BEGIN The records

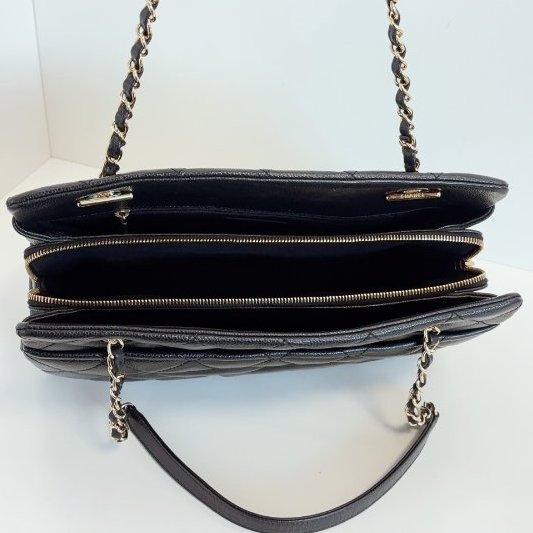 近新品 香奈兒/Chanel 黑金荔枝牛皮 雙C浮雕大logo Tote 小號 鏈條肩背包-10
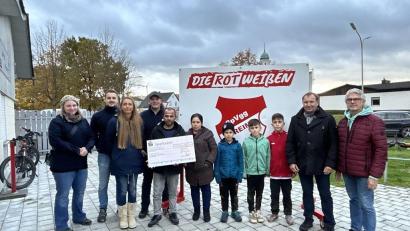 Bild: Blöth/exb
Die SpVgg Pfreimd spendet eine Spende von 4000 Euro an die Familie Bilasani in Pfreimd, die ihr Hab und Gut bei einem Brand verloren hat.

END The records
BEGIN The records

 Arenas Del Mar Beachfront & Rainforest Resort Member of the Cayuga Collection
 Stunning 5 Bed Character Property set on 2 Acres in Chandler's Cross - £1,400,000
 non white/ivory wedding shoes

END The records
BEGIN The records

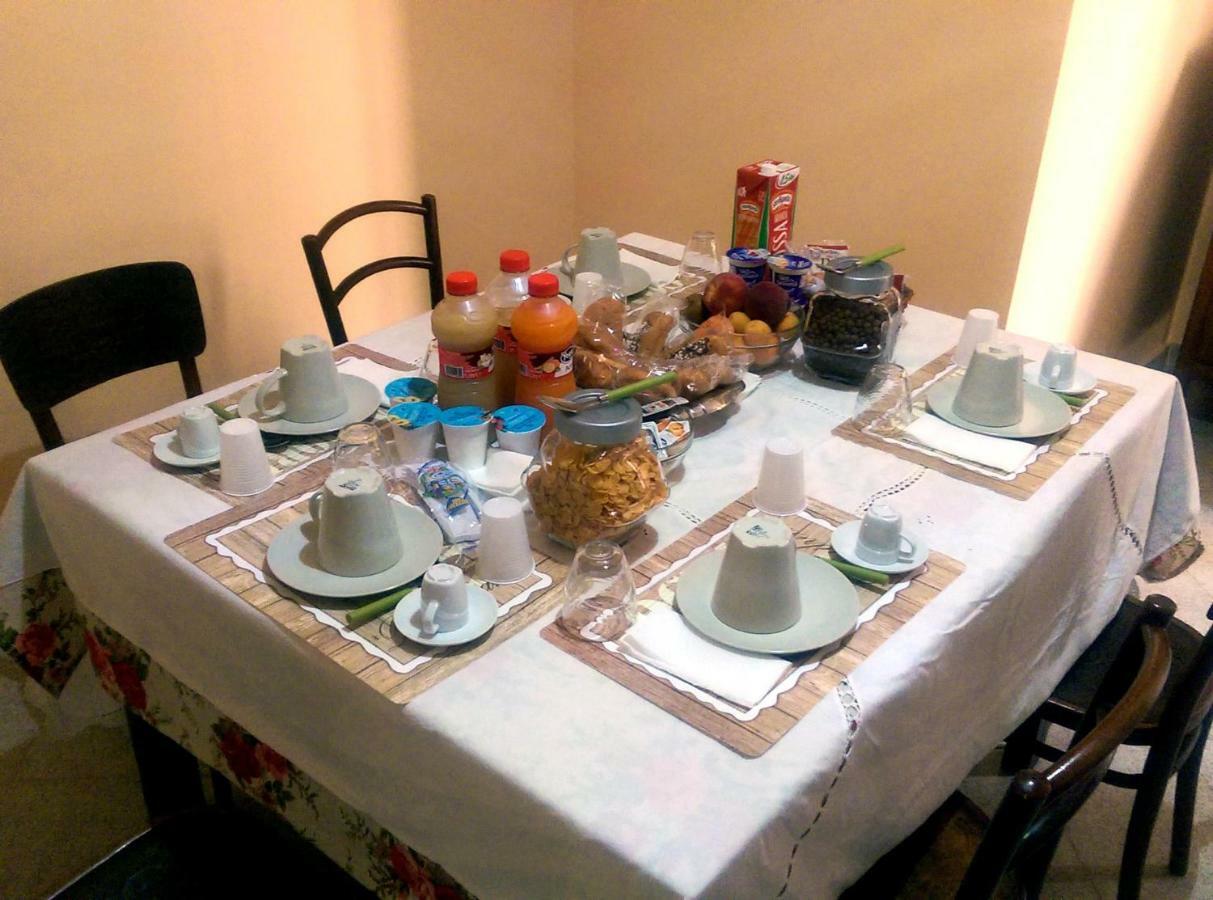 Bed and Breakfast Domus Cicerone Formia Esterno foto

END The records

Retype only this portion of the data above: the line containing "Stunning 5 Bed", the line containing "non white/ivory wedding shoes", and all lines between them, exactly.

 Stunning 5 Bed Character Property set on 2 Acres in Chandler's Cross - £1,400,000
 non white/ivory wedding shoes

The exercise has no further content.